RECORDS SUPPLIED -
------
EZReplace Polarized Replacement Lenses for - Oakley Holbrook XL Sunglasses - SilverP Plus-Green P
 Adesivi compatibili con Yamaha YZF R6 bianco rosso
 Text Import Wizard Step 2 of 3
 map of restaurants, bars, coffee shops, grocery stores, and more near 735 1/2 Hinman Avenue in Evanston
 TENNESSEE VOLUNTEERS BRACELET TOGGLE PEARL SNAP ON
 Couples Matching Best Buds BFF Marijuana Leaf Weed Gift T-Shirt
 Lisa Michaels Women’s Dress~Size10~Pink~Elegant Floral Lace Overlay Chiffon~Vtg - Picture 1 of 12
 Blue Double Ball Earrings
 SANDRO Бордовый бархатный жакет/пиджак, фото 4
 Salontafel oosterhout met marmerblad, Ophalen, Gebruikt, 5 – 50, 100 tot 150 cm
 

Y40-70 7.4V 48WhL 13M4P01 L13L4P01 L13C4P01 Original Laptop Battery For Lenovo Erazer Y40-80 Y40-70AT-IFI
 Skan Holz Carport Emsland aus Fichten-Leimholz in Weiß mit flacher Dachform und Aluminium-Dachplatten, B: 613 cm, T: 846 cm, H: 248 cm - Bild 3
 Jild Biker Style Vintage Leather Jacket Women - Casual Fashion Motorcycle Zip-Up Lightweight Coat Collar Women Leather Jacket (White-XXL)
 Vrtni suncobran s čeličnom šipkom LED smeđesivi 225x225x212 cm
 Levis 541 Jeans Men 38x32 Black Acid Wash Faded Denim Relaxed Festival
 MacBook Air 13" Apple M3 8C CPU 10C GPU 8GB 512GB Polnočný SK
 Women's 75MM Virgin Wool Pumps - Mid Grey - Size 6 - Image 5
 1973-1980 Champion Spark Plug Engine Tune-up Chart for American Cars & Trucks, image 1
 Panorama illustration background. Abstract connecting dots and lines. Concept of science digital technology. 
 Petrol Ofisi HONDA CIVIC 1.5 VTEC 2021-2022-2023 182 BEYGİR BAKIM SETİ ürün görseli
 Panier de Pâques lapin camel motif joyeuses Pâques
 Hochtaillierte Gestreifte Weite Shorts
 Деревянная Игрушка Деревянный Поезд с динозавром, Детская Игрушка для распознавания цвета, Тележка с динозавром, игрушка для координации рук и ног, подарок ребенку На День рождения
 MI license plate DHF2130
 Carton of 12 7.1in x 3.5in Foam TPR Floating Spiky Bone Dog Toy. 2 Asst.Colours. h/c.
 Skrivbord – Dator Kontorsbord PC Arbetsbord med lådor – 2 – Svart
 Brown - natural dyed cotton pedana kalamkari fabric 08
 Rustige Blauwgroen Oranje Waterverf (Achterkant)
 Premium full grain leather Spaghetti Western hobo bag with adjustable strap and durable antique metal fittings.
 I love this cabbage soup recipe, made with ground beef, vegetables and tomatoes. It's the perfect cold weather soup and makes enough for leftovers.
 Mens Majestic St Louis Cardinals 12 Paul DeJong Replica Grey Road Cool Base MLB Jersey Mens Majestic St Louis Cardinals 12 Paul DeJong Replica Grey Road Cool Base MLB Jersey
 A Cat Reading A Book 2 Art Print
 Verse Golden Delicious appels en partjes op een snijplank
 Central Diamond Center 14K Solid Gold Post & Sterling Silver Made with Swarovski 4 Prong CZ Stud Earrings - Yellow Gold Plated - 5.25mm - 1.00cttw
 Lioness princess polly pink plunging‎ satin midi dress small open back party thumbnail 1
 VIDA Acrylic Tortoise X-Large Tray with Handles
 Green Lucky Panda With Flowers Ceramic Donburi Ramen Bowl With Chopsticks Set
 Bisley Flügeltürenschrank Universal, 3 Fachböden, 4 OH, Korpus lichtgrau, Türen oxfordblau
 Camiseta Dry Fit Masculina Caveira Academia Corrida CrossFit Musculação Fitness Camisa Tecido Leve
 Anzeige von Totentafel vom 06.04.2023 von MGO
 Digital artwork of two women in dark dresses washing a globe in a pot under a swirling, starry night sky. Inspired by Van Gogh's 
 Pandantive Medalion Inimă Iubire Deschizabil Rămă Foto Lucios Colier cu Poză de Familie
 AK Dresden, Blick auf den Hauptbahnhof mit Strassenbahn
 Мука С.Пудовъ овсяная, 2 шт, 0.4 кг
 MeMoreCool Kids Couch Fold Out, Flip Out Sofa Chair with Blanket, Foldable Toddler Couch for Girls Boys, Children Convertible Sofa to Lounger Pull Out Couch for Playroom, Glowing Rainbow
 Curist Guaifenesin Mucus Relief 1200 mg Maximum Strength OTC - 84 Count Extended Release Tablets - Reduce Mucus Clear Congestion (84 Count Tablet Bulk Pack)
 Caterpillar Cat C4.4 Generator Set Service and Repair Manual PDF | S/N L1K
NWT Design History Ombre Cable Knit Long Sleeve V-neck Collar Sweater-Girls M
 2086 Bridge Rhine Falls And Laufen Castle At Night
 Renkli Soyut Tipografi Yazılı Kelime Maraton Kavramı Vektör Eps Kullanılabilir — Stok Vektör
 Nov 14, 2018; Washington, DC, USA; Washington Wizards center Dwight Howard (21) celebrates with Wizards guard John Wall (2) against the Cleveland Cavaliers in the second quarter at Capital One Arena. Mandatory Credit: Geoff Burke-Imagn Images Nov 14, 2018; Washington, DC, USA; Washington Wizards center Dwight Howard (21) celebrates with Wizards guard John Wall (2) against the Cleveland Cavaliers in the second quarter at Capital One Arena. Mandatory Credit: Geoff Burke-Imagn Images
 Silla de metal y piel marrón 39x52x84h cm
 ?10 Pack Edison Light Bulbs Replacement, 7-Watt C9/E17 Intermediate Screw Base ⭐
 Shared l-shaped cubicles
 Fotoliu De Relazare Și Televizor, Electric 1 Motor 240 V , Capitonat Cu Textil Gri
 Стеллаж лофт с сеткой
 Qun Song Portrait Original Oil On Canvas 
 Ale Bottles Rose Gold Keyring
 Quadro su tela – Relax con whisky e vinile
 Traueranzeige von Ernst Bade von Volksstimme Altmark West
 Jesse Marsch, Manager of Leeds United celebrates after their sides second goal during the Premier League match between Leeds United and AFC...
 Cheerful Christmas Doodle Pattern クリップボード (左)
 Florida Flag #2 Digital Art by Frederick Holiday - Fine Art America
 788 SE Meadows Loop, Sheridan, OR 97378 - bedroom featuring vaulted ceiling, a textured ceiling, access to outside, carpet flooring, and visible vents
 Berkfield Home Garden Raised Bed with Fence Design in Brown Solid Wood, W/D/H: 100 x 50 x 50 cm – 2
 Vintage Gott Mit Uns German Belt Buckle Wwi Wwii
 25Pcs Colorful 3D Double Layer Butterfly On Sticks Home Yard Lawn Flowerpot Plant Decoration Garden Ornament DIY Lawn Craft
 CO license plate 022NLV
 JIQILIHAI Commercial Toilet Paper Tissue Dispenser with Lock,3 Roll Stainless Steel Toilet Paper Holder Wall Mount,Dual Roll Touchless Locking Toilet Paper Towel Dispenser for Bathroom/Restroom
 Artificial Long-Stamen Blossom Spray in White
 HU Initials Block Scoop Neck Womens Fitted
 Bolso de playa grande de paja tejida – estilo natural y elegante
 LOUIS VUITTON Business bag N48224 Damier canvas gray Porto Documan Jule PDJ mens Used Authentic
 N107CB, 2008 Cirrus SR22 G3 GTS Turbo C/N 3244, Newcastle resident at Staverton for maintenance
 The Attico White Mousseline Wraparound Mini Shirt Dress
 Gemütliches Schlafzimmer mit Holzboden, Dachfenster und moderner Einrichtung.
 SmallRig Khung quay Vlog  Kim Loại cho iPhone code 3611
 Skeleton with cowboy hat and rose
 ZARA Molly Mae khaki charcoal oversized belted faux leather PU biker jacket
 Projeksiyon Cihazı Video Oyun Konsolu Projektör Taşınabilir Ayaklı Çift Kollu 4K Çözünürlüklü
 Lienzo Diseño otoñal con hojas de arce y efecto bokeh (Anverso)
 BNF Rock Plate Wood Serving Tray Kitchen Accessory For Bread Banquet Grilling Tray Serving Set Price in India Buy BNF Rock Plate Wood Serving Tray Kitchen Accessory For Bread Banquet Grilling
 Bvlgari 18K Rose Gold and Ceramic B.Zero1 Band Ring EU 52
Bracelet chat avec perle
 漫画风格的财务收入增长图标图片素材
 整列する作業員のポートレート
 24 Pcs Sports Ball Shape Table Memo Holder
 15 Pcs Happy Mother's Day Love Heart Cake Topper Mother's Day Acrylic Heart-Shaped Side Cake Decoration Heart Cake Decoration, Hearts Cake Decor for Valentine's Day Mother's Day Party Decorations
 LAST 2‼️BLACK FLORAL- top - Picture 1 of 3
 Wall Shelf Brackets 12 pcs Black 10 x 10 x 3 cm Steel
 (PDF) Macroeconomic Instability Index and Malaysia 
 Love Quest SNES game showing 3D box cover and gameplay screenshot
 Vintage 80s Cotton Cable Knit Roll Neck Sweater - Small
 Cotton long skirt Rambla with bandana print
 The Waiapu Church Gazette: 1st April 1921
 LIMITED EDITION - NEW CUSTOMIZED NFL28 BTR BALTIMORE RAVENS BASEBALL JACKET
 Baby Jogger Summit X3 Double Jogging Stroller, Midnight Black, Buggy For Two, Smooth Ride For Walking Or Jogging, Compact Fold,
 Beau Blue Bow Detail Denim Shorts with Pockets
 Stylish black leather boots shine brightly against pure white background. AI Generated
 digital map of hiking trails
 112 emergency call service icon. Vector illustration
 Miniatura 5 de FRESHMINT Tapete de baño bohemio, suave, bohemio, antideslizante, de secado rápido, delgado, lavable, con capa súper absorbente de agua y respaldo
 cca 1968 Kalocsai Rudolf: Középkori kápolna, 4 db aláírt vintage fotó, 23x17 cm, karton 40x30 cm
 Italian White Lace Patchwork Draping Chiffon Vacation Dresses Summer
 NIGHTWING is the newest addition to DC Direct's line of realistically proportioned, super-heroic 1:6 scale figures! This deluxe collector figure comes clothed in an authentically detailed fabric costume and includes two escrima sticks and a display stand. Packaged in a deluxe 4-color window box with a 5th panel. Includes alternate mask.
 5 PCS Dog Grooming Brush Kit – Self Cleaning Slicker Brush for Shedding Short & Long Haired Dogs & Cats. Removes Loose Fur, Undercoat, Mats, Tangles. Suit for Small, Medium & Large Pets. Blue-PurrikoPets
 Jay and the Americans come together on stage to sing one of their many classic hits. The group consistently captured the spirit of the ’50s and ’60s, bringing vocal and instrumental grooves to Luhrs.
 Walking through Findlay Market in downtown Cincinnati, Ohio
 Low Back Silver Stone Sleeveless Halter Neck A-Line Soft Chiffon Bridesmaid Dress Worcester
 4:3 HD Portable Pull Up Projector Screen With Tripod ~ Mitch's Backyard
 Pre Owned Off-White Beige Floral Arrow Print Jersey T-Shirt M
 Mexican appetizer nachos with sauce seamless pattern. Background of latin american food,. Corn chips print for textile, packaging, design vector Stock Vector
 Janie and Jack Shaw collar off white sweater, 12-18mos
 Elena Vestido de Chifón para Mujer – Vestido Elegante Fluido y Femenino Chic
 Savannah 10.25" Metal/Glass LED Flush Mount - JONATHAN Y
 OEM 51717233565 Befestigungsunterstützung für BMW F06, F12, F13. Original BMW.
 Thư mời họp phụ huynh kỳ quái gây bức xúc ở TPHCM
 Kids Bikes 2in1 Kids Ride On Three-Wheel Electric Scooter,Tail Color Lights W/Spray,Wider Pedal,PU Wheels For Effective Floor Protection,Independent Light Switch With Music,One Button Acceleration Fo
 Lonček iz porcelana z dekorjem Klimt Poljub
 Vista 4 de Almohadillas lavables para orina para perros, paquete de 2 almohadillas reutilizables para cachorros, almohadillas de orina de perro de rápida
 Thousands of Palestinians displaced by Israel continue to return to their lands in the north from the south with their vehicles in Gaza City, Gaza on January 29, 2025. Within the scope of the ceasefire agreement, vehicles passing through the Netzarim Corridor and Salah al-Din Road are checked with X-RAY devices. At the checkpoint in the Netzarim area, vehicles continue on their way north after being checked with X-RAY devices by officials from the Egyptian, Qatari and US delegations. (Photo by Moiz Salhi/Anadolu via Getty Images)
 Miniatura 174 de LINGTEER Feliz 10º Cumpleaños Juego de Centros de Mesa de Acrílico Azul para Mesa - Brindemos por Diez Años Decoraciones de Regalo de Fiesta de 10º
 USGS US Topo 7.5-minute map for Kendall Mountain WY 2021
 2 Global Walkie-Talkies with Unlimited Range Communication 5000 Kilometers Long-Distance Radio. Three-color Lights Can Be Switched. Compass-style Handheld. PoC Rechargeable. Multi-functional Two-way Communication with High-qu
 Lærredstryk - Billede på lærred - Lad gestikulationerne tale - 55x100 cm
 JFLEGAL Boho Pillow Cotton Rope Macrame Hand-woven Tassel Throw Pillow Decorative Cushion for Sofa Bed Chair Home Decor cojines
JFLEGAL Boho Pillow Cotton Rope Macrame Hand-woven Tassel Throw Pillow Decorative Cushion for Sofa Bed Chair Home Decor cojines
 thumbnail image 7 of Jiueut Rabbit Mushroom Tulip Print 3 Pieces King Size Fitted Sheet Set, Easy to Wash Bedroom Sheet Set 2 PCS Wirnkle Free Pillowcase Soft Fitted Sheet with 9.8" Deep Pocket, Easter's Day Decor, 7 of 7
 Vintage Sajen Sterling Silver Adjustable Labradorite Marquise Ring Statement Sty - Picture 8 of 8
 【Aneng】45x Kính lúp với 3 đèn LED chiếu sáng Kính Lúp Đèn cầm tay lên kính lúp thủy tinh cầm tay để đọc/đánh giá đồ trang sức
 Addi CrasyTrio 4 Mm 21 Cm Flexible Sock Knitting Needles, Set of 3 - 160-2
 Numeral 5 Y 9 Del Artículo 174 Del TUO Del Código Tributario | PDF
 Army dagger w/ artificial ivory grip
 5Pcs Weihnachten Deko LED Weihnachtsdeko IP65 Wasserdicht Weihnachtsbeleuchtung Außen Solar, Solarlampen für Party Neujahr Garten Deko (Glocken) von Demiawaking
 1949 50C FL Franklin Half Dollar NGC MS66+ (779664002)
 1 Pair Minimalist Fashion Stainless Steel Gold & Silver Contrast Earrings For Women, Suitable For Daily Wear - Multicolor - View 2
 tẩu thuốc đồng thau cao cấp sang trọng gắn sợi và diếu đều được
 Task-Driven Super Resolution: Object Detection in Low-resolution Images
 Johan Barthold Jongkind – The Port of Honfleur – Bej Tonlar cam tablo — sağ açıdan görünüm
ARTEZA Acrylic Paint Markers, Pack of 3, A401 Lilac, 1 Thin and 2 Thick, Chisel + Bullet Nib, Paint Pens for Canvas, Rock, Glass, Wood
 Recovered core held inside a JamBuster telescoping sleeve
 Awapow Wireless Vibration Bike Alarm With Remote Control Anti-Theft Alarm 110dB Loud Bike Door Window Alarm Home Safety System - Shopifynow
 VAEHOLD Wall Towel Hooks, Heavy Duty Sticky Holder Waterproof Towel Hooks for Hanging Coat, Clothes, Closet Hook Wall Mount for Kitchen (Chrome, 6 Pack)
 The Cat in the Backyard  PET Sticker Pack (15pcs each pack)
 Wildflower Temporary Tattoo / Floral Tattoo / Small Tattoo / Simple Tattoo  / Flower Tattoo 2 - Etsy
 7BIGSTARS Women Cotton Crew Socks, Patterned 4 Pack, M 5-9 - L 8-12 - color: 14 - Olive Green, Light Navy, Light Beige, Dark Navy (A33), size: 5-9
------
WORK TO COMPLETE - Please set down again, word for word, only the lines from the start of the entries through the line with "Vrtni suncobran s", both ends included.

WRITTEN SOLUTION -
EZReplace Polarized Replacement Lenses for - Oakley Holbrook XL Sunglasses - SilverP Plus-Green P
 Adesivi compatibili con Yamaha YZF R6 bianco rosso
 Text Import Wizard Step 2 of 3
 map of restaurants, bars, coffee shops, grocery stores, and more near 735 1/2 Hinman Avenue in Evanston
 TENNESSEE VOLUNTEERS BRACELET TOGGLE PEARL SNAP ON
 Couples Matching Best Buds BFF Marijuana Leaf Weed Gift T-Shirt
 Lisa Michaels Women’s Dress~Size10~Pink~Elegant Floral Lace Overlay Chiffon~Vtg - Picture 1 of 12
 Blue Double Ball Earrings
 SANDRO Бордовый бархатный жакет/пиджак, фото 4
 Salontafel oosterhout met marmerblad, Ophalen, Gebruikt, 5 – 50, 100 tot 150 cm
 

Y40-70 7.4V 48WhL 13M4P01 L13L4P01 L13C4P01 Original Laptop Battery For Lenovo Erazer Y40-80 Y40-70AT-IFI
 Skan Holz Carport Emsland aus Fichten-Leimholz in Weiß mit flacher Dachform und Aluminium-Dachplatten, B: 613 cm, T: 846 cm, H: 248 cm - Bild 3
 Jild Biker Style Vintage Leather Jacket Women - Casual Fashion Motorcycle Zip-Up Lightweight Coat Collar Women Leather Jacket (White-XXL)
 Vrtni suncobran s čeličnom šipkom LED smeđesivi 225x225x212 cm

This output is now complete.